While the decision of the Bank of England Monetary Policy Committee (MPC) to keep the Bank rate unchanged at 0.75% after August rate hike is fully in line with the market forecast, judging that the Brexit risks increased makes the Bank conservative in line with the market expectations as well as the English tradition.
Given the previous statements from the Bank of England officials on Sterling’s relative underperformance from the parliamentary hearing on August Inflation Report, there is no explicit mention of Sterling in September MPC policy statement.
That is particularly true given the recent wave of optimism over the Brexit deal voiced by the European Union (EU) official including the EU chief Brexit negotiator Michel Barnier seeing the deal achievable in 6-8 weeks horizon and the EU’s pullback on hardship stance on the issue of the Irish border.
“The MPC continues to recognise that the economic outlook could be influenced significantly by the response of households, businesses and financial markets to developments related to the process of EU withdrawal. Since the Committee’s previous meeting, there have been indications, most prominently in financial markets, of greater uncertainty about future developments in the withdrawal process,” the Bank of England wrote in the policy statement on Thursday.
Domestically, the Bank of England sees the GDP growth rate slightly better than forecast with a 0.6% quarterly growth rate in the last three months to July.

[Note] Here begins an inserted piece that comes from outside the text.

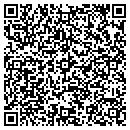 QR code with M Mms Trophy Shop contacts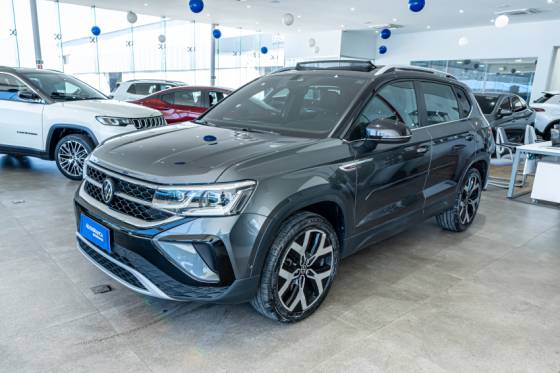 VOLKSWAGEN TAOS 1.4 250 TSI TOTAL FLEX HIGHLINE AUTOMÁTICO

With the labor market slack being almost absorbed, the Bank of England expects slight re-emergence of excess demand in late 2019 and thereafter.

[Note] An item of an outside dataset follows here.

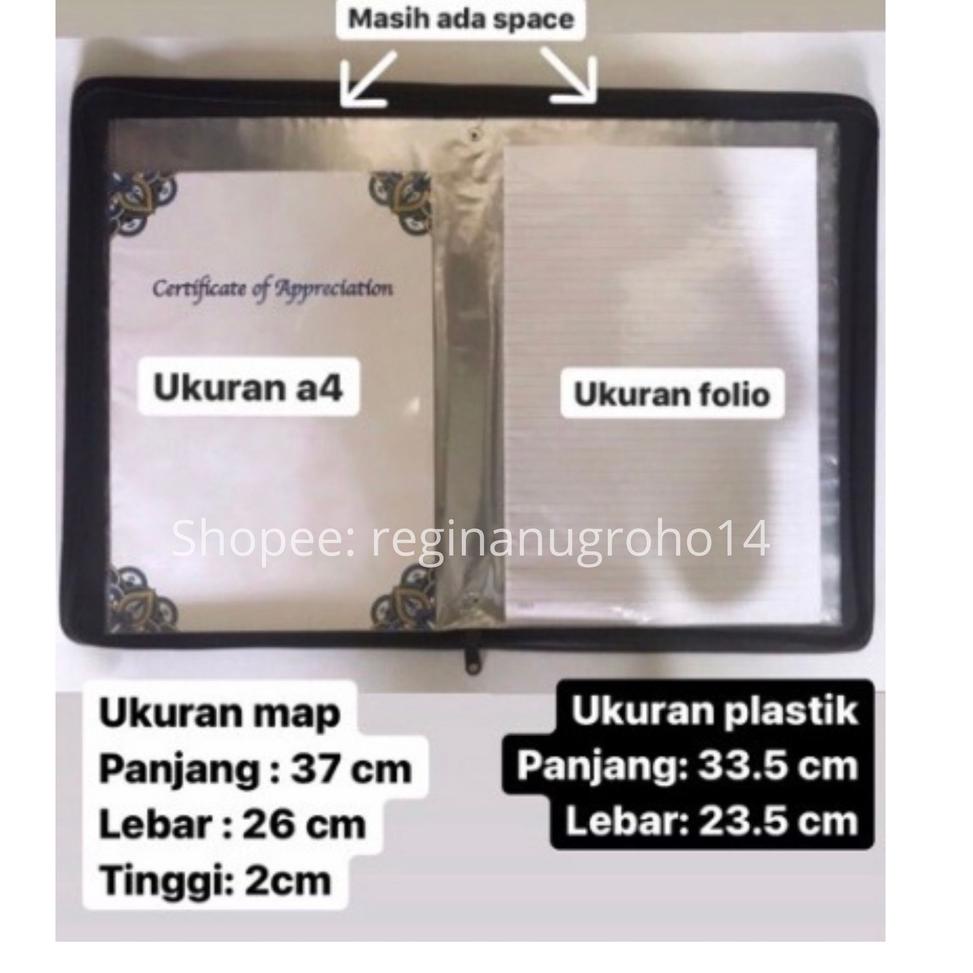 

[KODE BARANG 3696] DOKUMEN KEEPER F4 Folio RESLETING BRILIANT/ DOCUMENT KEEPER/ MAP KERTAS/ MAP IJAS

In terms of the international economic conditions, the MPC sees the global economy still growing at above-trend rates, although recent developments are likely to have increased downside risks to global growth, especially in the emerging markets.
Finally, the Bank of England made no changes to the policy meaning the official stance of “limited and gradual” policy rate normalization is still in place with currency dovish implications.